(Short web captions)
..........
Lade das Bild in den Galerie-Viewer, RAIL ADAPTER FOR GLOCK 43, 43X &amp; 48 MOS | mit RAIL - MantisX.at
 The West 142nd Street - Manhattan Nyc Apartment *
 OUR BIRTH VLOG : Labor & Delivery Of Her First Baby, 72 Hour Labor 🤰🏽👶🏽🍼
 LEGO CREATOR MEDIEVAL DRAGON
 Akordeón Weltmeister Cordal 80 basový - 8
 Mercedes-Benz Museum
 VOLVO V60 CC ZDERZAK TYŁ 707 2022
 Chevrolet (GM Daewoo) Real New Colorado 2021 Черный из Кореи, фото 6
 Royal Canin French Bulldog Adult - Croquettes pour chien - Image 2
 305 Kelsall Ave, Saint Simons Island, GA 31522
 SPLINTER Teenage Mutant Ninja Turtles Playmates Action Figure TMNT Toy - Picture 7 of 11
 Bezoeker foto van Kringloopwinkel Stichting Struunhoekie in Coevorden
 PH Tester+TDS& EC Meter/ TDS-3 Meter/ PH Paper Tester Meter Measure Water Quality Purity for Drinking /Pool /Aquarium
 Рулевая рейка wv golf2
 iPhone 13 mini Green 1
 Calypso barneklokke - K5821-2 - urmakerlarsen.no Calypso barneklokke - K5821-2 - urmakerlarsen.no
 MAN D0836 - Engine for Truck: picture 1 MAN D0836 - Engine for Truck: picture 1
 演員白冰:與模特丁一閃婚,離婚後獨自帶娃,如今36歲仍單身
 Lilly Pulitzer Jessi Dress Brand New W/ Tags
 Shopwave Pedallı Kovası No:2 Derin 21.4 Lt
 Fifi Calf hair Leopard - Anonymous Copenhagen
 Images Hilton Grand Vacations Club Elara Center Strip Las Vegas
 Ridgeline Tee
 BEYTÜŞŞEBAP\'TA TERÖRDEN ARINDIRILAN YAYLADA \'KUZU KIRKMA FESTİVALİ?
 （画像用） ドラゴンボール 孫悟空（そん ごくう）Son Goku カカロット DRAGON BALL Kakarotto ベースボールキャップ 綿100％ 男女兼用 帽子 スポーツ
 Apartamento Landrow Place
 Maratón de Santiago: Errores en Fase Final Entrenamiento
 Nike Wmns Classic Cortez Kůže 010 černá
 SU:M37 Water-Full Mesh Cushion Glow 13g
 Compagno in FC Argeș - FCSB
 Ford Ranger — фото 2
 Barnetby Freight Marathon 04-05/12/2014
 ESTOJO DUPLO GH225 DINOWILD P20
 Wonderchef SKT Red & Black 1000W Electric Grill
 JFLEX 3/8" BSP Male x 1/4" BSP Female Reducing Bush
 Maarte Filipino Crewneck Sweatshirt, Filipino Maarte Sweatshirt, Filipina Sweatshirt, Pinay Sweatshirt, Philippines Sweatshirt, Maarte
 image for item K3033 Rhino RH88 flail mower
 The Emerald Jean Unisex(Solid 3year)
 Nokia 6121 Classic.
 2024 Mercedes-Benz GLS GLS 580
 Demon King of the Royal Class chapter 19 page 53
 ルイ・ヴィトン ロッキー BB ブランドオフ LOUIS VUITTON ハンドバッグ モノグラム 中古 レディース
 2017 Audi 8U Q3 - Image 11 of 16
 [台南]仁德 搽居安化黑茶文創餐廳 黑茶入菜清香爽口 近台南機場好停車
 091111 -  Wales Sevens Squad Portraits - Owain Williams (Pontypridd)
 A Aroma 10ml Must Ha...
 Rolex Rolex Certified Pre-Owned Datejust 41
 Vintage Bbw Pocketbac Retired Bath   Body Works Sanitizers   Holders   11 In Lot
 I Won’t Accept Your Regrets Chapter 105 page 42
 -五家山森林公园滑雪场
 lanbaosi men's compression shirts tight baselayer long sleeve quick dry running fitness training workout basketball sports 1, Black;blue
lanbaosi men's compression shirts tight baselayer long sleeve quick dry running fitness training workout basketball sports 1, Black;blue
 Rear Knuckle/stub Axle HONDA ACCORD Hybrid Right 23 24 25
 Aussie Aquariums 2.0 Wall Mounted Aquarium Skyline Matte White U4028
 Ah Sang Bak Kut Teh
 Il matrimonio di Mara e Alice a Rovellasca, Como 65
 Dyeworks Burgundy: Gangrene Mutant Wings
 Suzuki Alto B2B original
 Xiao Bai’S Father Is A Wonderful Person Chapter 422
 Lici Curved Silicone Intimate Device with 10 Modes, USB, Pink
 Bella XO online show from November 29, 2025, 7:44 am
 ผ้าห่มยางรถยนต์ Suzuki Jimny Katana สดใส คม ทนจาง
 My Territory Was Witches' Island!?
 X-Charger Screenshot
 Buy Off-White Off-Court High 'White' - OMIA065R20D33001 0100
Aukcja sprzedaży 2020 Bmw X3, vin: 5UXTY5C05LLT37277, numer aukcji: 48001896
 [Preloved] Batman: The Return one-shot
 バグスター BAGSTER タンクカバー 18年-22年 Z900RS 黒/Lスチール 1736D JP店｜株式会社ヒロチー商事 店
..........
— Task brief —
Using the entries shown above, reproduce verbatim the lines from the line bearing "Akordeón Weltmeister Cordal 80 basový - 8" to the line bearing "2024 Mercedes-Benz GLS GLS 580", inclusive.

— Output of the task —
 Akordeón Weltmeister Cordal 80 basový - 8
 Mercedes-Benz Museum
 VOLVO V60 CC ZDERZAK TYŁ 707 2022
 Chevrolet (GM Daewoo) Real New Colorado 2021 Черный из Кореи, фото 6
 Royal Canin French Bulldog Adult - Croquettes pour chien - Image 2
 305 Kelsall Ave, Saint Simons Island, GA 31522
 SPLINTER Teenage Mutant Ninja Turtles Playmates Action Figure TMNT Toy - Picture 7 of 11
 Bezoeker foto van Kringloopwinkel Stichting Struunhoekie in Coevorden
 PH Tester+TDS& EC Meter/ TDS-3 Meter/ PH Paper Tester Meter Measure Water Quality Purity for Drinking /Pool /Aquarium
 Рулевая рейка wv golf2
 iPhone 13 mini Green 1
 Calypso barneklokke - K5821-2 - urmakerlarsen.no Calypso barneklokke - K5821-2 - urmakerlarsen.no
 MAN D0836 - Engine for Truck: picture 1 MAN D0836 - Engine for Truck: picture 1
 演員白冰:與模特丁一閃婚,離婚後獨自帶娃,如今36歲仍單身
 Lilly Pulitzer Jessi Dress Brand New W/ Tags
 Shopwave Pedallı Kovası No:2 Derin 21.4 Lt
 Fifi Calf hair Leopard - Anonymous Copenhagen
 Images Hilton Grand Vacations Club Elara Center Strip Las Vegas
 Ridgeline Tee
 BEYTÜŞŞEBAP\'TA TERÖRDEN ARINDIRILAN YAYLADA \'KUZU KIRKMA FESTİVALİ?
 （画像用） ドラゴンボール 孫悟空（そん ごくう）Son Goku カカロット DRAGON BALL Kakarotto ベースボールキャップ 綿100％ 男女兼用 帽子 スポーツ
 Apartamento Landrow Place
 Maratón de Santiago: Errores en Fase Final Entrenamiento
 Nike Wmns Classic Cortez Kůže 010 černá
 SU:M37 Water-Full Mesh Cushion Glow 13g
 Compagno in FC Argeș - FCSB
 Ford Ranger — фото 2
 Barnetby Freight Marathon 04-05/12/2014
 ESTOJO DUPLO GH225 DINOWILD P20
 Wonderchef SKT Red & Black 1000W Electric Grill
 JFLEX 3/8" BSP Male x 1/4" BSP Female Reducing Bush
 Maarte Filipino Crewneck Sweatshirt, Filipino Maarte Sweatshirt, Filipina Sweatshirt, Pinay Sweatshirt, Philippines Sweatshirt, Maarte
 image for item K3033 Rhino RH88 flail mower
 The Emerald Jean Unisex(Solid 3year)
 Nokia 6121 Classic.
 2024 Mercedes-Benz GLS GLS 580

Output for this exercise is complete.